··· Data ···

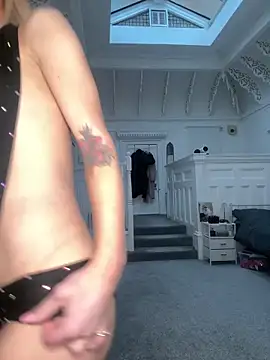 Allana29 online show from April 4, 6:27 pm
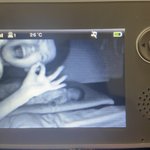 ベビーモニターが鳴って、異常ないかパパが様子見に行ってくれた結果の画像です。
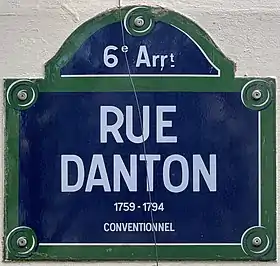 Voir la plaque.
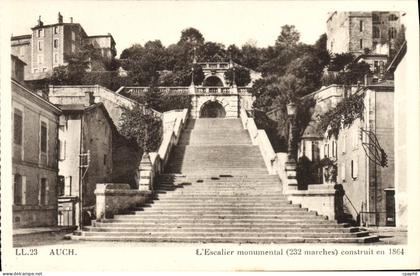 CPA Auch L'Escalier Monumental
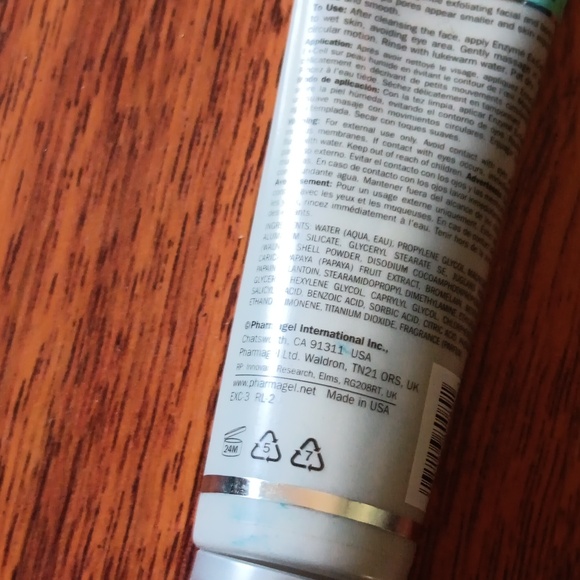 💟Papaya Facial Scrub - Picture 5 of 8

···
··· Data ···

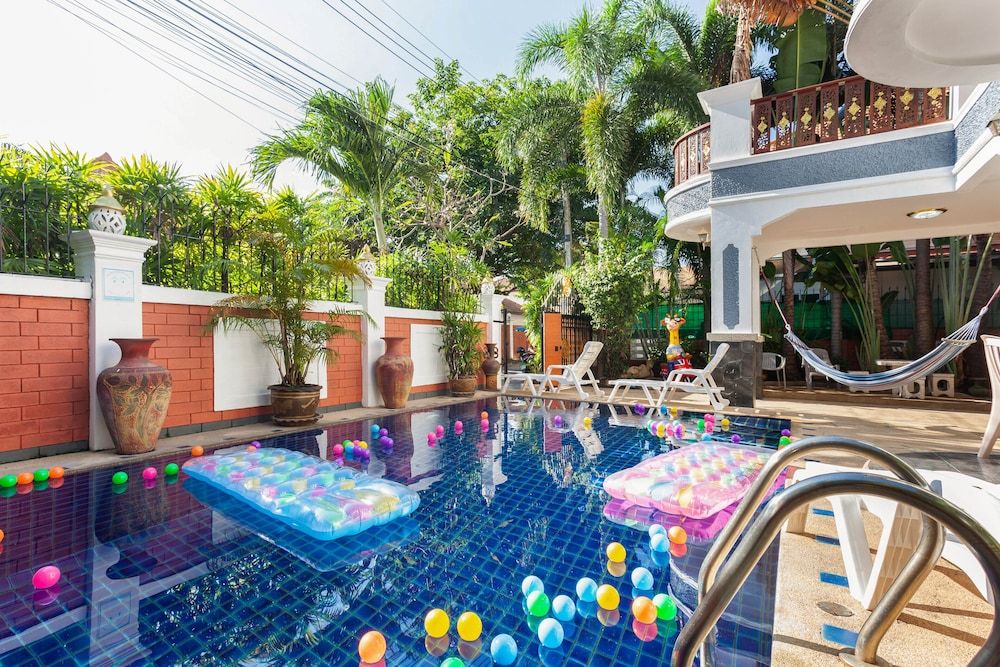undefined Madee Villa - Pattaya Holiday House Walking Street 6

···
··· Data ···

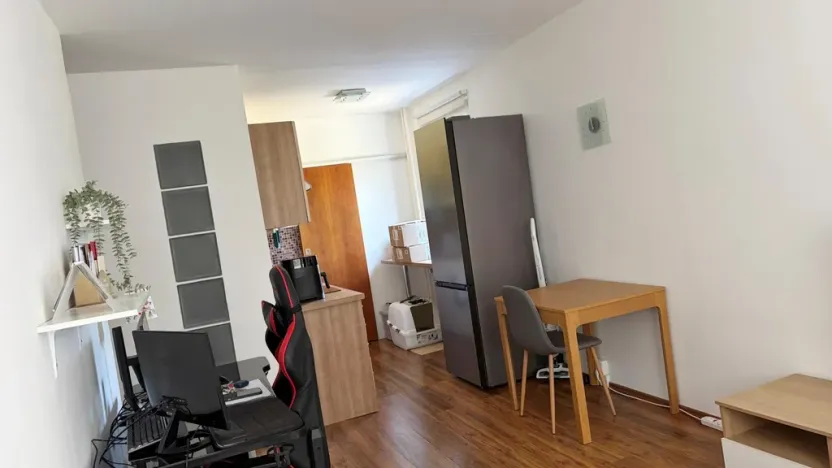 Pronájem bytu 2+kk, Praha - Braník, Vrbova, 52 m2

···

_Work instruction:_
From the records above, copy exactly the lines starting at the one with "Voir la plaque." and ending at the one with "Picture 5 of 8", and no others. Pictures stay out.

_Solution:_
 Voir la plaque.
 CPA Auch L'Escalier Monumental
 💟Papaya Facial Scrub - Picture 5 of 8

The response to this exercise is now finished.